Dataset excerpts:
[Start of Attachment]
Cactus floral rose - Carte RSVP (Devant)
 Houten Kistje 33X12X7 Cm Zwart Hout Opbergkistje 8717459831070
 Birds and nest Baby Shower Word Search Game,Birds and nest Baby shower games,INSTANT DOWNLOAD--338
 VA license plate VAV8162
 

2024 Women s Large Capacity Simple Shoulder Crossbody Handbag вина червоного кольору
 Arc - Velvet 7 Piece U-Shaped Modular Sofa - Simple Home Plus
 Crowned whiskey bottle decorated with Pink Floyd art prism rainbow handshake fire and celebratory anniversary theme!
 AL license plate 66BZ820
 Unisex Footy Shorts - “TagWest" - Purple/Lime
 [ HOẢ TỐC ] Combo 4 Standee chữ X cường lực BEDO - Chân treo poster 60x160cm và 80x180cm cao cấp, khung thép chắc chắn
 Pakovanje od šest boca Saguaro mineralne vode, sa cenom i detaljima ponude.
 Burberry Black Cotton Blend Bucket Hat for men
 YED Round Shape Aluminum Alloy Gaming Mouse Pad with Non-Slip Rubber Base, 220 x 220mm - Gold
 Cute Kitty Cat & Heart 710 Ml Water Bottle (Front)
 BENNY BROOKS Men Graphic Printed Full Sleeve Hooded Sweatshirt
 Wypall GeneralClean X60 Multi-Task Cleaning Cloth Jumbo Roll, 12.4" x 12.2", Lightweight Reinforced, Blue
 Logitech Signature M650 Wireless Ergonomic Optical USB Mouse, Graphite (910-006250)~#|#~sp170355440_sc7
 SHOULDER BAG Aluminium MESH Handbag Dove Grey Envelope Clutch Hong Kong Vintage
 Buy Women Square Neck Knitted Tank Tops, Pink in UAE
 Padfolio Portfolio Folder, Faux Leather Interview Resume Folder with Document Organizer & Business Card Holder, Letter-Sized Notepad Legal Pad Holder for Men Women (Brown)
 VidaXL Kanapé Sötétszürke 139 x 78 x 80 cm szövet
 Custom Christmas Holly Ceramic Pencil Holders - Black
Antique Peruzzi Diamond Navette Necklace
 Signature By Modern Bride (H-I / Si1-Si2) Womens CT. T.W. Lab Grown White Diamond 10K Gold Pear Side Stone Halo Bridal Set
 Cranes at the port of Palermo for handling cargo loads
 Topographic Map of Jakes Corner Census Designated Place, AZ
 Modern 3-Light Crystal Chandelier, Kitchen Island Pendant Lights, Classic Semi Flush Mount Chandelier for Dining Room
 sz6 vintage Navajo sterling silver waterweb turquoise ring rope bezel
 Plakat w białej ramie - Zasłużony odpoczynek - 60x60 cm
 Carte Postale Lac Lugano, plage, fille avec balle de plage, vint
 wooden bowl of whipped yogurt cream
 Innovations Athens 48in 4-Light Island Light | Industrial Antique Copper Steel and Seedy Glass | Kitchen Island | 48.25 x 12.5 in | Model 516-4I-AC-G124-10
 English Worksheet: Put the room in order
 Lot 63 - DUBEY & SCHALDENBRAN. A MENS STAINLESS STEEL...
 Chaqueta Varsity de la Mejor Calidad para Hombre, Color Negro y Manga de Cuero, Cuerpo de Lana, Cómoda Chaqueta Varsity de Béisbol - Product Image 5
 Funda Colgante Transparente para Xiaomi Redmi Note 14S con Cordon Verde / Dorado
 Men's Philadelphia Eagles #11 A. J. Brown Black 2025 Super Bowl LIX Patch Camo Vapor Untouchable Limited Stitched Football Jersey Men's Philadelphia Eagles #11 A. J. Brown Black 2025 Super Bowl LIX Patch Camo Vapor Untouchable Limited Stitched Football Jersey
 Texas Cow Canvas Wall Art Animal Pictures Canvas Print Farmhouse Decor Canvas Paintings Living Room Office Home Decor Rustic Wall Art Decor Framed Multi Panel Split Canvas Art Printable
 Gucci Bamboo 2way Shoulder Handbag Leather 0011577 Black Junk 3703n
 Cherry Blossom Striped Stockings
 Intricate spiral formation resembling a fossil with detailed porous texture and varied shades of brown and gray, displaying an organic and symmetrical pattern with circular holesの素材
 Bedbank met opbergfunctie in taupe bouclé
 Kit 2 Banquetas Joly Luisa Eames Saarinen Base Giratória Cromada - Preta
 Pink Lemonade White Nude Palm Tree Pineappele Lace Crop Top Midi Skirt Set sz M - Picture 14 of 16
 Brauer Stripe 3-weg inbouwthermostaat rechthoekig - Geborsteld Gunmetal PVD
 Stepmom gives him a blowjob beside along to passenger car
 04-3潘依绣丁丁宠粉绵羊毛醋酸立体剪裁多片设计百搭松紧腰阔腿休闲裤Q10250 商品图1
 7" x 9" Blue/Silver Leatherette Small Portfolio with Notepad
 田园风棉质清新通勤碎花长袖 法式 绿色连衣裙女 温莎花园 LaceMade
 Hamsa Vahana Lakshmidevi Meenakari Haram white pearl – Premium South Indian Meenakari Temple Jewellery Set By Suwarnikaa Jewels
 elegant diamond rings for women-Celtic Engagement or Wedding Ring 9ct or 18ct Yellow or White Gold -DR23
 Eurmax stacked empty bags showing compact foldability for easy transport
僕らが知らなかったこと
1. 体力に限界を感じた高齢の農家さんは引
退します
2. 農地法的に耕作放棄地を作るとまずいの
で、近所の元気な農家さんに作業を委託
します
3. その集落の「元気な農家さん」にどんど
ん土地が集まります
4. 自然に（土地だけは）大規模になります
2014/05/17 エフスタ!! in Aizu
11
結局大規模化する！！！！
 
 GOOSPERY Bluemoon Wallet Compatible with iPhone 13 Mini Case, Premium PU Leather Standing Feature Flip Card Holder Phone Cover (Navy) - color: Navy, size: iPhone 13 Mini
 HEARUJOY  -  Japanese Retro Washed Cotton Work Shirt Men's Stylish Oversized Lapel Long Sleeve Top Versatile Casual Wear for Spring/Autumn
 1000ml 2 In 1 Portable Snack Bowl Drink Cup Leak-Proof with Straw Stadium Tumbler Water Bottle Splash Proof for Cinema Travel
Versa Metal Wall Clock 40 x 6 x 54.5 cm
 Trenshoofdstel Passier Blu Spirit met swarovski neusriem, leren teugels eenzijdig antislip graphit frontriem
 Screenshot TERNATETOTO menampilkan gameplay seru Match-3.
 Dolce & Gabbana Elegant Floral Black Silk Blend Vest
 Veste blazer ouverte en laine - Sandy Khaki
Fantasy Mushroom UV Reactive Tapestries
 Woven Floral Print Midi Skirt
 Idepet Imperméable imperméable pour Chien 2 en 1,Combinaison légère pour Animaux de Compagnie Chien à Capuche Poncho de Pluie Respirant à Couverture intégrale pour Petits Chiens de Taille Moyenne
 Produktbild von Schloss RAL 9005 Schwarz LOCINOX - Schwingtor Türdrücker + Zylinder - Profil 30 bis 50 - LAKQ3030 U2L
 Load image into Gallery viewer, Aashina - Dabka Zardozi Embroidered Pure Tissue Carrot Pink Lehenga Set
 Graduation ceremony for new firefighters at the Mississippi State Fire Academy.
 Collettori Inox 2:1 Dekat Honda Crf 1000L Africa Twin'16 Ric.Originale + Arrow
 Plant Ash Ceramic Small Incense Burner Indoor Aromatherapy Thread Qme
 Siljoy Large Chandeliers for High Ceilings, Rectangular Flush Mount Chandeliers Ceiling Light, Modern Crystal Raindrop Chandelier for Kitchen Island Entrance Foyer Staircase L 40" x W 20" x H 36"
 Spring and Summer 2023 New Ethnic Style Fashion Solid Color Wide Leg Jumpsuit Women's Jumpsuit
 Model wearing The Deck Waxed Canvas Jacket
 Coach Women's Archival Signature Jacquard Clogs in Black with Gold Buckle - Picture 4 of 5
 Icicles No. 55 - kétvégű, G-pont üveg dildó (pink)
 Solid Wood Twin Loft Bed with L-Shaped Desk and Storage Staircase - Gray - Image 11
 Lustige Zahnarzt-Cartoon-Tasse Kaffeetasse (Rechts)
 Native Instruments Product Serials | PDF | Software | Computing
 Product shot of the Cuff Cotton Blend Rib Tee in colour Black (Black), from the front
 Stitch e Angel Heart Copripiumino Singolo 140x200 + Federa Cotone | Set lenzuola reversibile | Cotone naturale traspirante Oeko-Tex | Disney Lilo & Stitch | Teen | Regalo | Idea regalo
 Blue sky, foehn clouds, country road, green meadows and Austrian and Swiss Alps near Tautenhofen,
[End of Attachment]
■ Task to carry out ■
Quote in full each line from the top of the records above through the line with "VA license plate VAV8162"; stop after that line.

■ Solution for this task ■
Cactus floral rose - Carte RSVP (Devant)
 Houten Kistje 33X12X7 Cm Zwart Hout Opbergkistje 8717459831070
 Birds and nest Baby Shower Word Search Game,Birds and nest Baby shower games,INSTANT DOWNLOAD--338
 VA license plate VAV8162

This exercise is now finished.